What is Relative Humidity?
Relative humidity (RH) is the amount of water vapor in the air, expressed as a percentage of the maximum amount of water that the air can hold at a given temperature. The dew point is the temperature at which air is saturated with water and condensation occurs.
Because of the temperature variations inside your home, RH can vary dramatically. In fact, it is not uncommon to find summertime RH levels ranging from 50% to 100% simultaneously in the same structure.

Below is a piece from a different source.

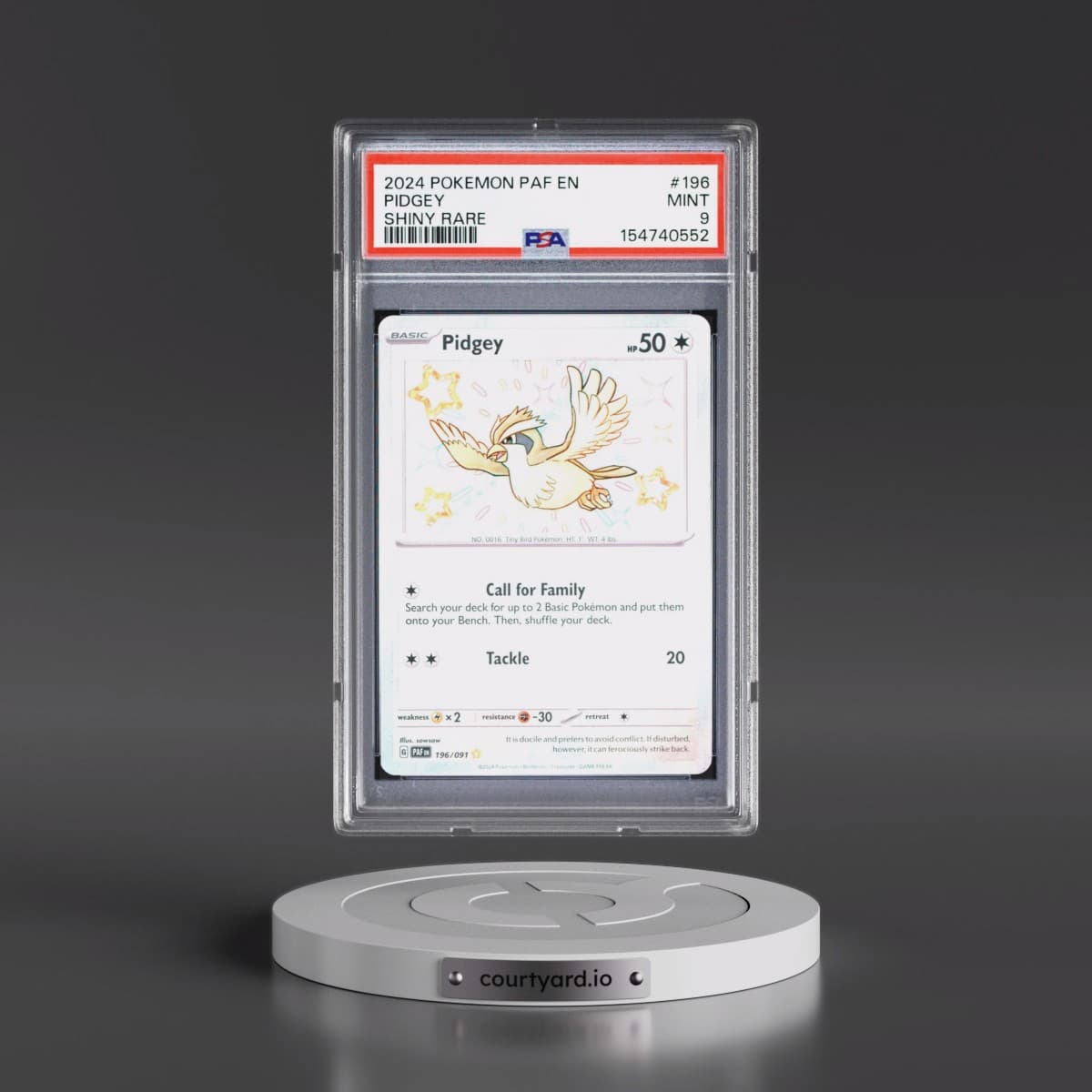 2024 Pokémon Paf EN-Paldean Fates #196 Pidgey - Shiny Rare (PSA 9 MINT)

For example, if your home has a basement it will typically be cooler than the main floor. If the main floor is 77°F and a comfortable and safe 40% RH, the basement temperature may only be 67°F with a much higher humidity level. Even though there is only a 10° temperature difference, the RH would be over 60% in the basement of the same home (RH levels will increase 2% for every one degree temperature drop). To prevent mold growth the EPA recommends levels of 30-50%RH. Mold spores germinate in high moisture levels after 12 hours and can grow within 24-48 hours. The basement of this home would clearly be at risk for mold and mildew growth, odors and structure damage, if the humidity issues are not resolved.
Homes built on a slab have a similar problem. Though the room temperature may be 77°, the slab temperature is much cooler. As the slab temperature approaches the dew point (or point of saturation), relative humidity rises and condensation can form.
High RH contributes to many indoor air quality issues, including the following:
MOLD & MILDEW: Molds are fungi. They only require high humidity and an organic-based material on which to feed. It is no surprise that they are plentiful in humid environments. Cooler surfaces create a perfect breeding area for mold because the relative humidity at the surface will be near 100%. The surface may even be wet with condensation.
ODOR: Mold and Mildew are not only damaging and can create health issues, but can also produce a very unpleasant odor. High humidity often penetrates organic materials causing smelly odors that cannot be removed without reducing and controlling relative humidity levels.
DISCOMFORT: High relative humidity levels leave warm areas feeling sweaty and sticky, and colder areas feeling cold and damp.